_THE DATA:_
____________________

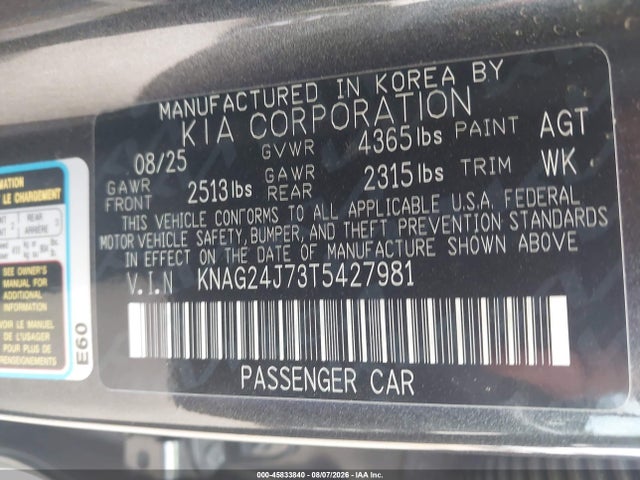 KNAG24J73T5427981 KIA K5 Lxs Fwd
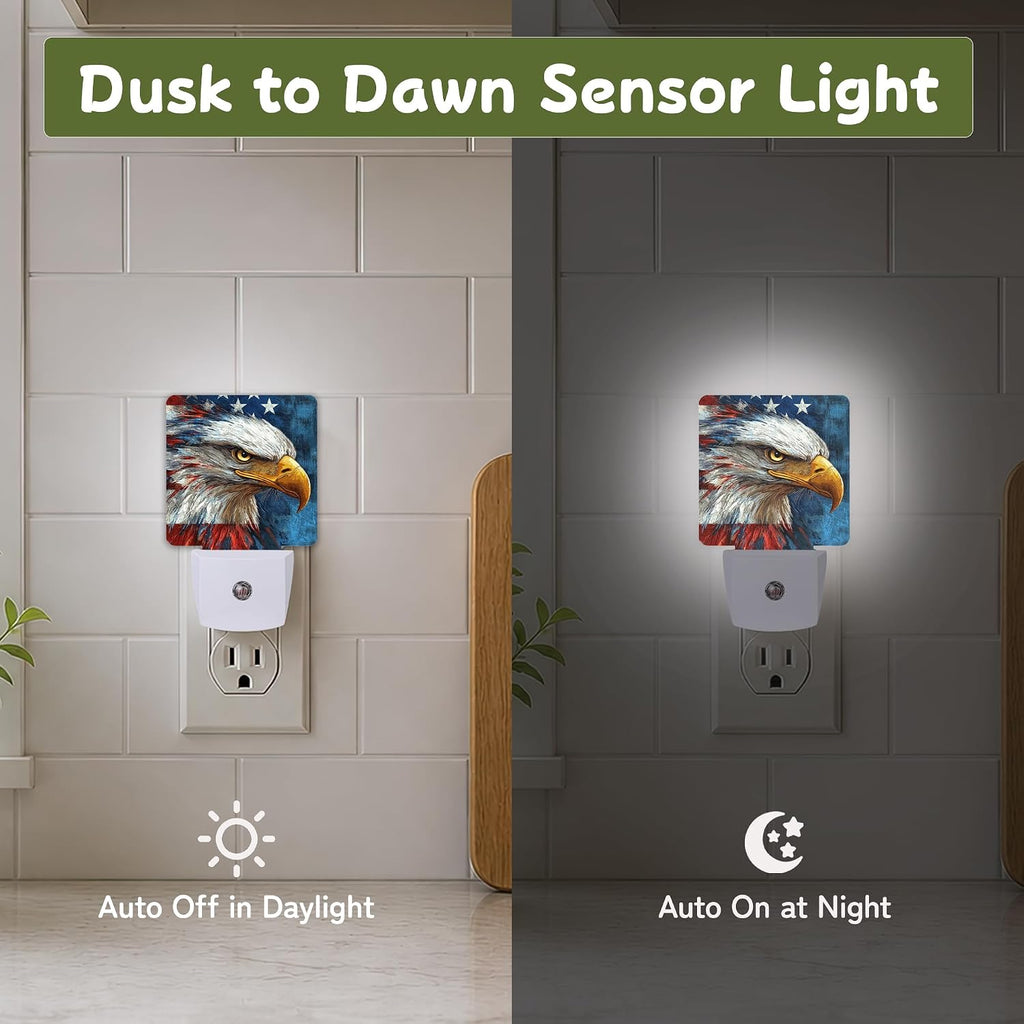 Night Light, Patriotic Bald Eagle Night Lights Plug into Wall Decor for Bedroom Bathroom Hallway Kitchen, Dusk to Dawn Sensor Gift for…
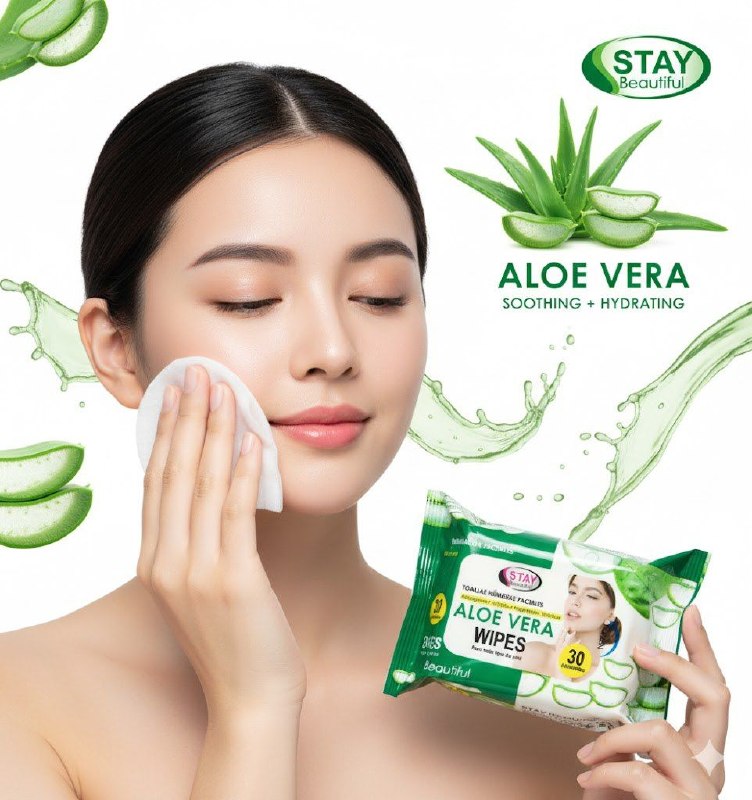 TOALLITAS HUMEDAS FACIALES DE ALOE VERA DESMAQUILLANTES Y LIMPIADORAS STAY BEAUTIFUL 30UND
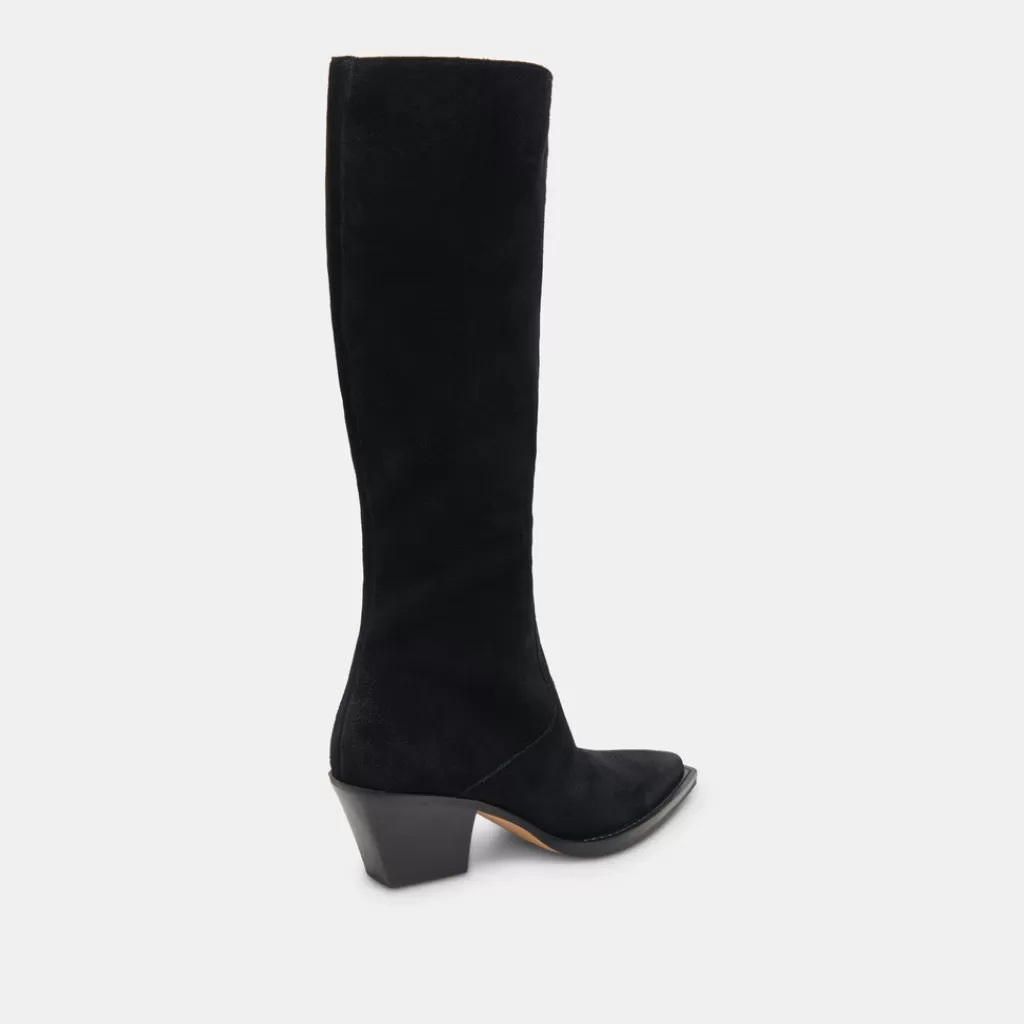 DOLCE VITA Raj Wide Calf Boots Onyx Suede Discount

____________________

_TASK BRIEF:_ Drop the pictures and reproduce the rest of the data above exactly.

_EXERCISE ANSWER:_
 KNAG24J73T5427981 KIA K5 Lxs Fwd
 Night Light, Patriotic Bald Eagle Night Lights Plug into Wall Decor for Bedroom Bathroom Hallway Kitchen, Dusk to Dawn Sensor Gift for…
 TOALLITAS HUMEDAS FACIALES DE ALOE VERA DESMAQUILLANTES Y LIMPIADORAS STAY BEAUTIFUL 30UND
 DOLCE VITA Raj Wide Calf Boots Onyx Suede Discount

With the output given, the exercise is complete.